Is кастомизация understood in this meaning?
The specific phrase I am trying to translate is "  We are anxious to share our products and customization expertise with your prestigious firm." (from a furniture company).
What I have is: "  Мы будем рады сотрудничать с Вашей престижной фирмой по вопросам поставки наших товаров и их кастомизации."


----------



## morzh

Malamalangue said:


> Hello,
> How would "customization" be translated into Russian?
> Is кастомизация understood in this meaning?
> The specific phrase I am trying to translate is "  We are anxious to share our products and customization expertise with your prestigious firm." (from a furniture company).
> What I have is: "  Мы будем рады сотрудничать с Вашей престижной фирмой по вопросам поставки наших товаров и их кастомизации."

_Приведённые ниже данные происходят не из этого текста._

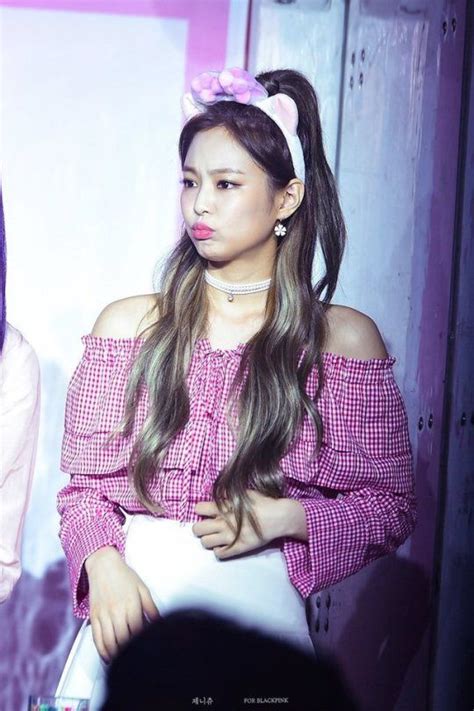 10 times blackpink s jennie showed off her pretty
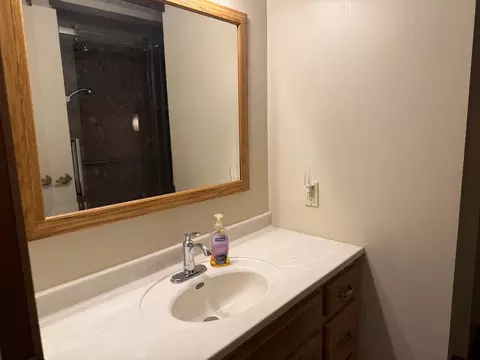 Bath - 708 E Glover St, Ottawa, IL 61350 photo 2 of 3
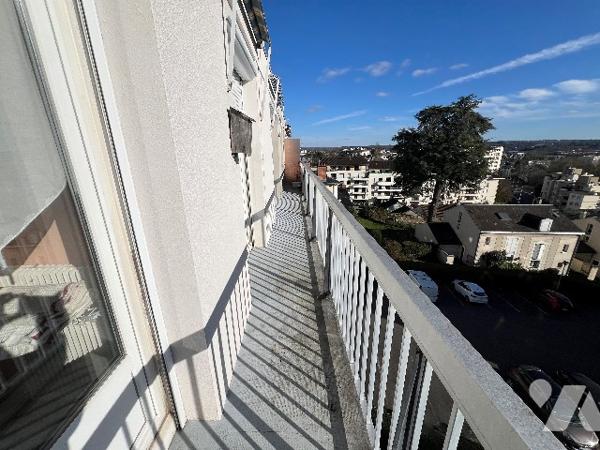 Type 4 situé au 4éme et dernier étage avec terrasse de 40 m²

Я видел слово "кастомизация", но это - нерусское слово. В русском используется выражение "делать на заказ", "индивидуальный заказ" и подобные выражения, в зависимости от того, что делается на заказ.

К примеру, "custom tailoring" будет "индпошив" (сокр. от "индивидуальный пошив"), "custom bike" - "мотоцикл, сделанный на заказ", и т.д.


----------



## Malamalangue

> The specific phrase I am trying to translate is "  We are anxious to  share our products and customization expertise with your prestigious  firm." (from a furniture company).
> What I have is: "  Мы будем рады сотрудничать с Вашей престижной фирмой по вопросам поставки наших товаров и их кастомизации."

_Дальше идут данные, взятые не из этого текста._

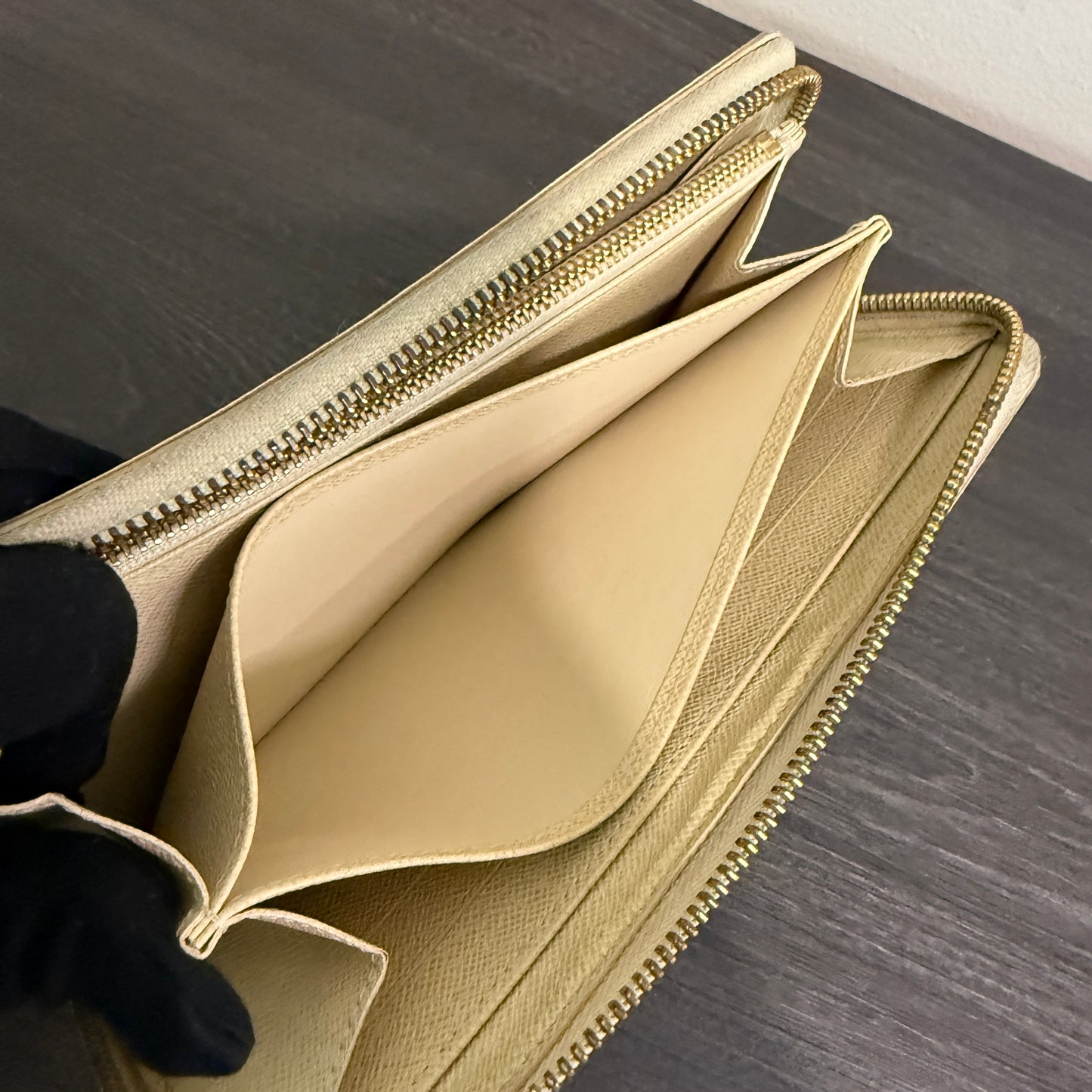 LOUIS VUITTON Damier Azur Zippy Wallet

So could this phrase be translated: Мы будем рады сотрудничать с Вашей престижной фирмой по вопросам поставки наших заказных товаров. 

Спасибо!


----------



## morzh

Malamalangue said:


> So could this phrase be translated: Мы будем рады сотрудничать с Вашей престижной фирмой по вопросам поставки наших заказных товаров.
> 
> Спасибо!




First of, "anxious" is "с нетерпением ждать", not "рад".
Then in russian I don't think it is right to say "с вашей престижной фирмой" - даже грубая лесть должна быть более изящной.
Last: I am not sure that "share product and cust. expertise" is "по вопросам ИХ кастомизации" - вполне возможно, "товарами и экспертизой в кастомизации " (я пока использую Руглиш - попытка перевода будет потом) - я о том, что к чему относится в предложении ; я не совсем уверен, и я не очень представляю, как сказать по-русски "share products", eсли речь идет об их поставках; в русском "бизнес-линго" я несилен.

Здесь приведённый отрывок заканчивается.